Huber: Es ist wichtig, dass man zu beiden Seiten mit derselben Stimme spricht: dass man gegenüber Israel verständlich zu machen versucht, was die Palästinenser bewegt, und genauso den Palästinensern ganz unzweideutig klar macht, dass das Ja zum Existenzrecht Israels eine Bedingung ist, ohne die es einen Fortschritt nicht geben kann. Die Lösung ist deutlich: Es muss zwei Staaten geben, die im Frieden und in wechselseitiger Anerkennung ihrer Sicherheitsbedürfnisse koexistieren.

epd: Wo sind die Chancen dieser Reise des Rates der EKD?

Huber: Die Chancen liegen darin, dass wir als evangelische Kirche hier schon seit der Mitte des 19. Jahrhunderts in der Region präsent sind. Ich empfinde gerade bei diesem Besuch, welche besonderen Möglichkeiten darin liegen, dass wir uns auf Institutionen stützen können, die schon seit langer Zeit und unter unterschiedlichen politischen Bedingungen im Heiligen Land gearbeitet haben. Sie sind der Ausgangspunkt unserer Präsenz.
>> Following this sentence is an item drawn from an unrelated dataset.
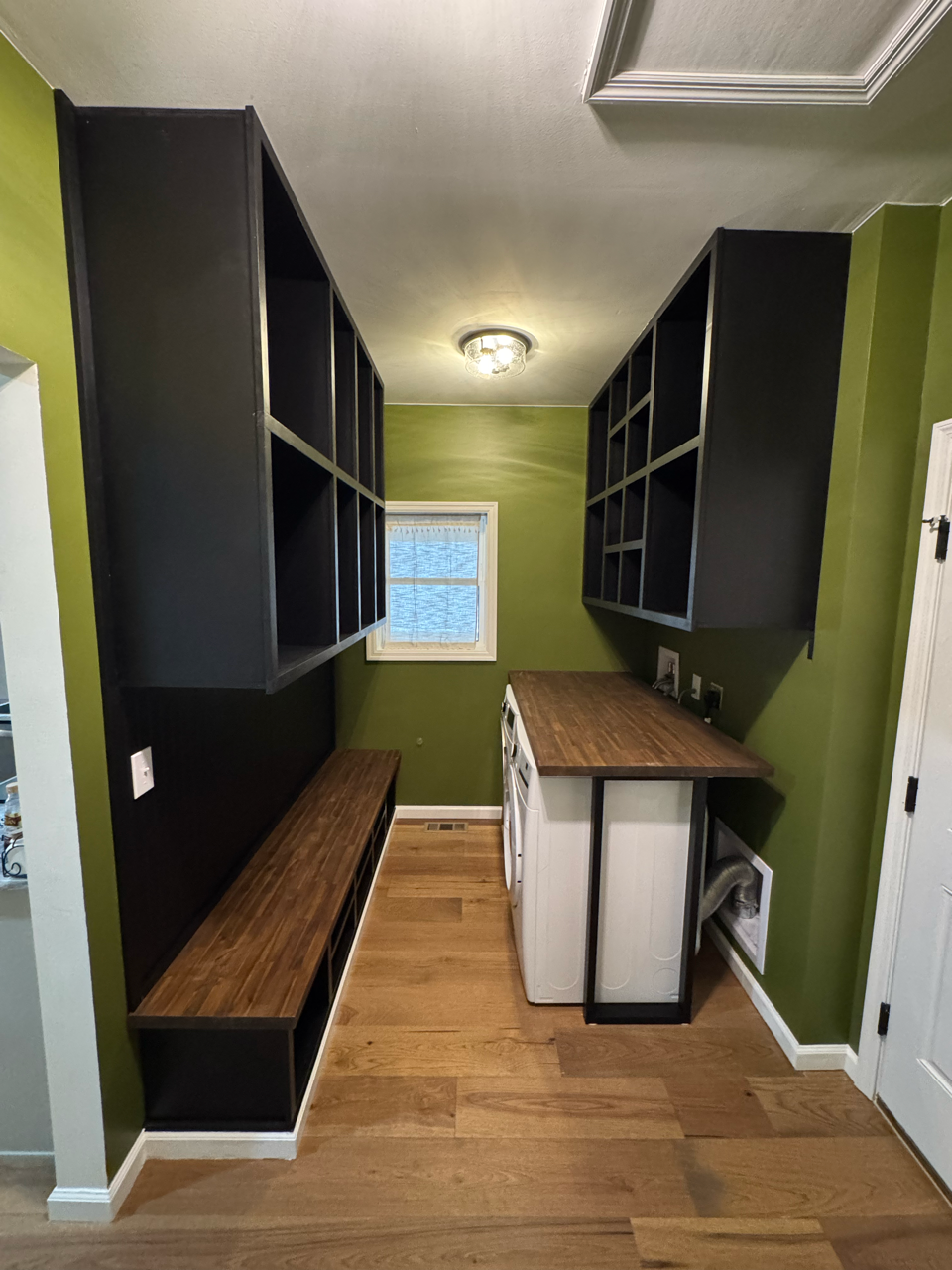 A laundry room with olive green walls, a wooden bench, wall-mounted storage units, and a wooden countertop over machines.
epd: Und wo liegen die Grenzen?

Huber: Die Grenzen liegen darin, dass wir bei einem kurzen Besuch nur Impulse geben und ermutigen können zu einer Arbeit, die auf Dauer von denen wahrgenommen wird, die hier für die evangelische Kirche präsent sind. Sie liegen zugleich darin, dass ein so tief verwurzelter Konflikt nur sehr schwer aufgelöst werden kann.
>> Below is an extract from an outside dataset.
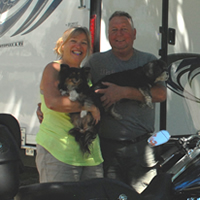 A couple each hold a small dog, standing in front of a dark purple Harley and in front of a new toy-hauler trailer.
epd: Sie sind gestern vom jüdischen Oberrabbiner Jona Metzger um Vermittlung gebeten worden für die Sache der entführten israelischen Soldaten. Was kann der Ratsvorsitzende der EKD in einer so schwierigen Angelegenheit überhaupt leisten?

Huber: Fürsprecher zu sein ist eine realistische Erwartung - in der Sprache der christlichen Tradition nennen wir das Interzession. Es ist mir umso leichter gefallen, das dem Oberrabbiner zuzusagen, weil ich mich in dieser Frage schon lange engagiert habe. Ich habe mich dazu bereits an Weihnachten 2006 öffentlich geäußert. Wir haben uns für diese Sache im direkten Kontakt zwischen dem Berliner Missionswerk und dem Bundeskanzleramt eingesetzt. Die Bundeskanzlerin hat sich bekanntlich dieses Thema zu eigen gemacht. Ich werde selbstverständlich auch gegenüber dem palästinensischen Präsidenten dieses Thema ansprechen.